(Extracted data Opens)
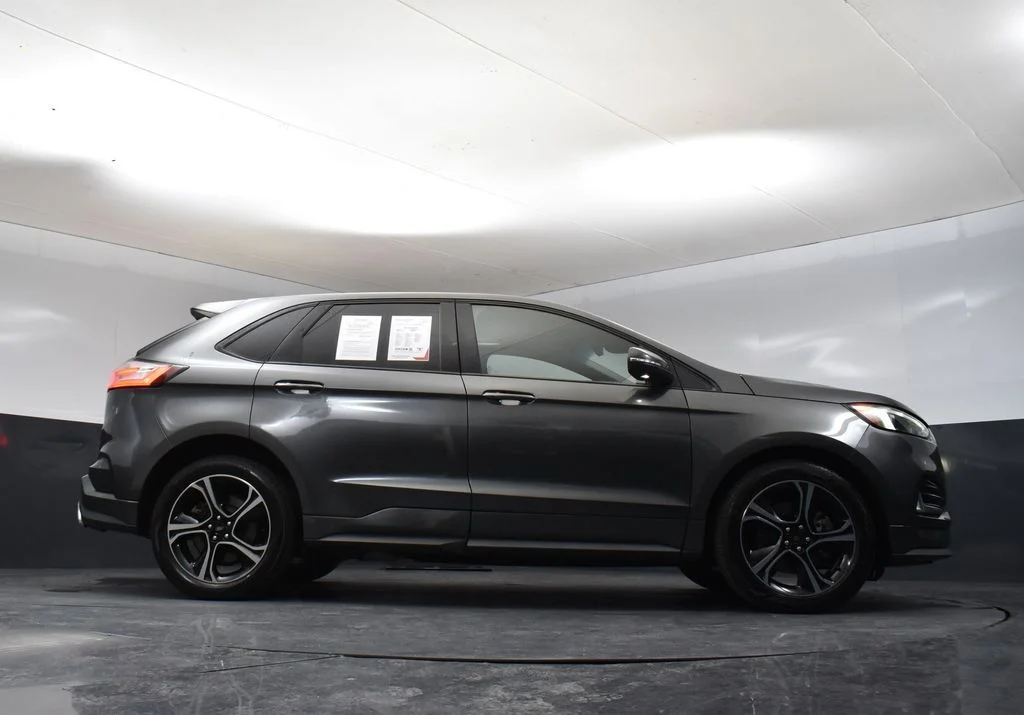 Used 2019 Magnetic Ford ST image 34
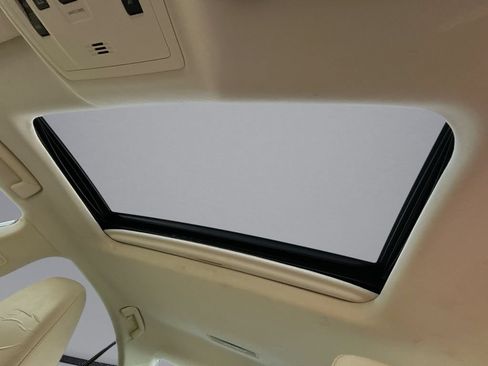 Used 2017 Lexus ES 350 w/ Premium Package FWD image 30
(Extracted data Closes)
(Extracted data Opens)
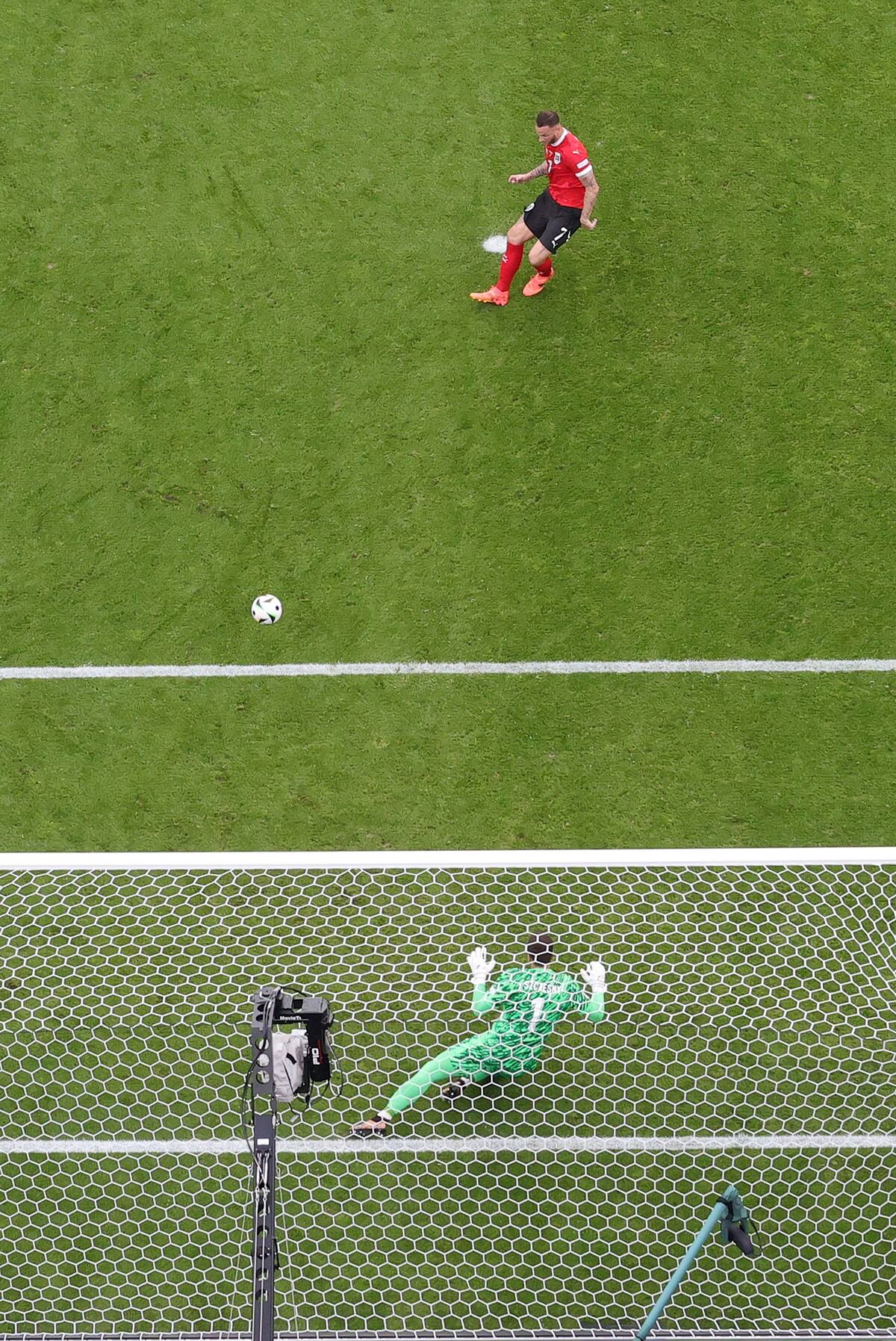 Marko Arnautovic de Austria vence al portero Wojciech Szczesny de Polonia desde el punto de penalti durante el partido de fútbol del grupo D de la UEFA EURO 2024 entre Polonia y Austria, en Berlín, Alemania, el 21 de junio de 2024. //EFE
(Extracted data Closes)
» Exercise goal: Pictures are to be left out. Write out only the lines above starting at the one with "Used 2019 Magnetic Ford ST image 34" and ending at the one with "Used 2017 Lexus", both lines included, exactly.

» Answer space:
 Used 2019 Magnetic Ford ST image 34
 Used 2017 Lexus ES 350 w/ Premium Package FWD image 30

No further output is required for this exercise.